You can ignore Unnamed, file_name, sent_idx, id attributes.

한국어 Relation Extraction 테스크를 위한 데이터셋 제작

주제 : 자연환경

네이버 부스트캠프 AI Tech 3기 NLP 3조(삼각김박임)

Goals

본 프로젝트는 관계 추출 테스크에 적합한 데이터셋을 제작하는 것입니다. 더 나아가 데이터셋 제작에 활용될 수 있는 relation map과 가이드라인도 함께 작성하는 것을 목표로 합니다. 각 팀은 한국어 위키피디아에서 수집된 주제별 원시 데이터에서 <주어, 관계, 목적어> Triplet 쌍을 라벨링합니다. 이를 위해 데이터셋 주제에 적합한 entity와 relation을 정의하고 라벨링한 후, 팀 내부 교차 검증을 통해 Fleiss’ Kappa를 기준으로 작업자간 일치도(IAA, Inter-Annotator Agreement)를 측정합니다. 저희 팀의 주제는 🌳자연환경🌳으로 총 20개의 ‘주어:관계’를 설정했으며, 총 2,163개의 triplet을 생성하였습니다. 본 데이터는 100개의 triplet에 대해 교차 검증이 수행되었고 Fleiss’ Kappa score 0.546로 Moderate agreement 정도의 신뢰도를 가지며, 본 데이터를 klue/roberta-large로 학습한 결과 f1 score 68.50의 베이스라인 성능을 얻었습니다.

Materials

Wrap-up Report	Relation map	Guideline
pdf	link	link

Members

김상렬	김소연	김은기	박세연	임수정

SangRyul	kimcando	xuio-0528	maylilyo	sujeongim

Dataset Description

데이터셋 개요

총 데이터 개수 : 2,163개
‘주어:관계’ : 20개
Field 설명: huggingface Dataset card 참고

데이터셋 예시

대멸종이 일어나면서 백악기와 중생대의 막을 내렸다. -> 백악기:subject & 대멸종: object & 관계: DAT:influence 연약권에서는 지진파의 속도가 약간 감소하기 때문에 저속도층이라고 부른다. -> 저속도층: subject &연약권: object & 관계: RES:alternate_name

엔티티 종류

주어, 목적어 모두 가능(DAT, IDV, PHE, RES)
목적어만 가능(LOC, POH, NOH)

Entities	Tag	설명
Date	DAT	날짜, 시기와 연관된 특정 시기와 기간을 나타내며, DAT(Date)로 표기합니다.
Individual	IDV	어떤 생물종/생물군의 이름을 나타냅니다. 여기서 생물의 정의는 생존할 수 있는 최소단위를 의미합니다. IDV(Individual)로 표기합니다.
Phenominon	PHE	어떤 현상을 지칭하는 이름을 나타냅니다. 여기서 현상은 자연환경/자원(RES)이나 개체(IDV) 등에서 발생하는 특정한 변화(status)를 지칭합니다. PHE(Phenominon)로 표기합니다.
Resource	RES	모든 자연환경과, 자연에서부터 산출된 자원을 나타냅니다. RES(Resource)로 표기합니다.
Location	LOC	장소, 서식지와 연관된 모든 data를 나타내며, LOC(Location)로 표기합니다.
POH	POH	위에 해당하지 않는 모든 명사를 나타냅니다. POH로 표기합니다.
NOH	NOH	위에 해당하지 않는 모든 수사를 나타냅니다. 주로 특징(feature)를 나타내기 위해 사용합니다. NOH로 표기합니다.

관계 종류

Relations	Description
feature	Object는 Subject의 특징
location	Object는 Subject의 위치
parent_concept	Object는 Subject의 상위 개념
influence	Object는 Subject에 영향을 미침
outbreak_date	Object는 Subject의 발생(발견)날짜
alternate_name	Object는 Subject의 다른 명칭
no_relation	-

IAA and Basline Tests

Inter-Annotator Agreement(IAA)

Fleiss Kappa score: 0.546 (Moderate agreement)

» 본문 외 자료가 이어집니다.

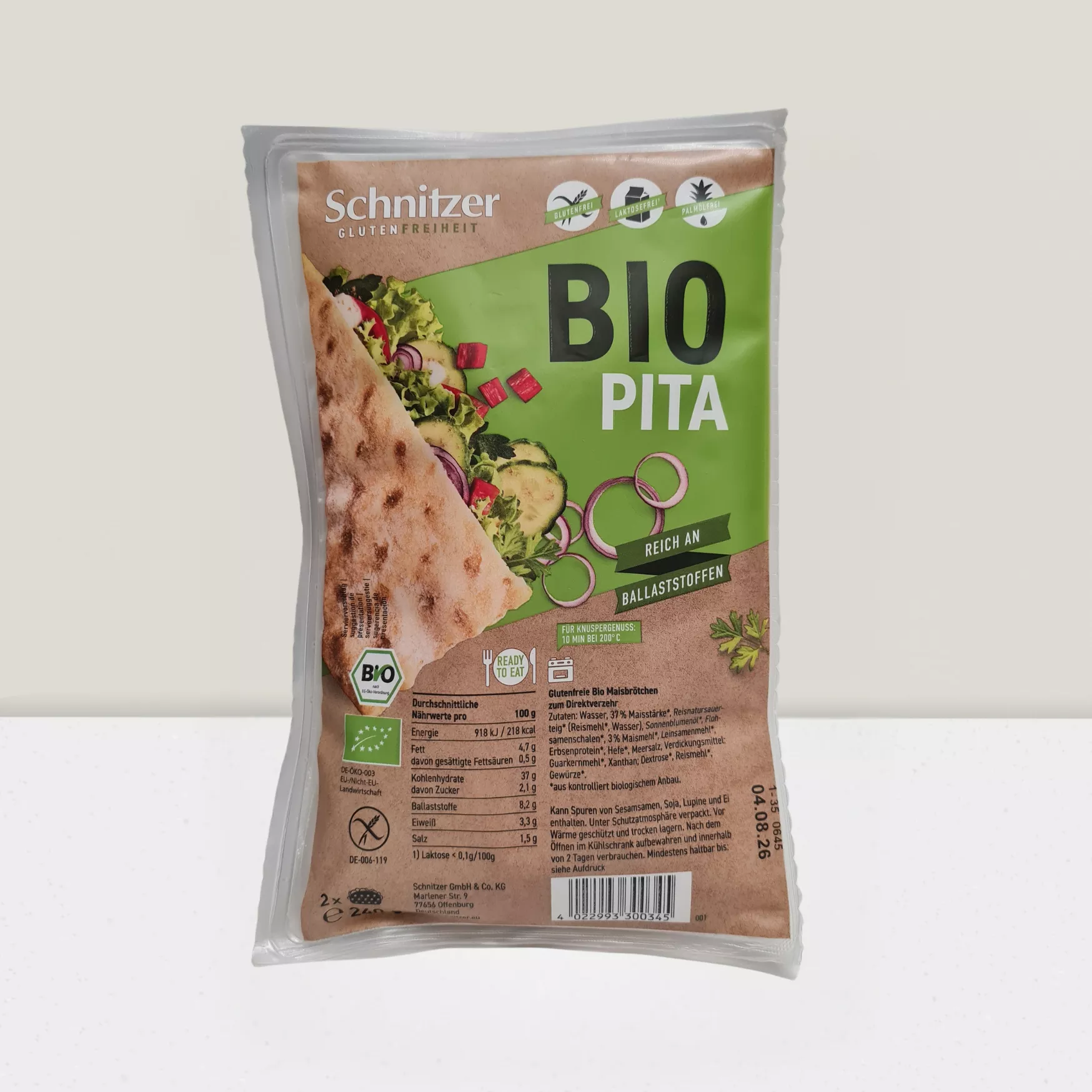 Pain Pita 250g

# of raters	# of subjects	# of categories	PA	PE
5	100	20	0.5800	0.0739

Basline model 성능 비교

전체 2,163개의 데이터셋에 대해 sklearn의 train_test_split()으로 stratify하게 train:val=0.8:0.2로 분할해서 성능 측정

Team Roles

Member	Role
김상렬	Tagtog 관리, annotation
김소연	프로젝트 리드, Wrap-up report, technical paper 작성, 데이터 post processing, 크로스 체크, 모델 파인튜닝, annotation
김은기	가이드라인 작성, annotation
박세연	relation map 작성, annotation
임수정	IAA 계산, annotation

License

자연환경 데이터셋은 CC BY-SA 3.0 라이선스 하에 공개되어 있습니다.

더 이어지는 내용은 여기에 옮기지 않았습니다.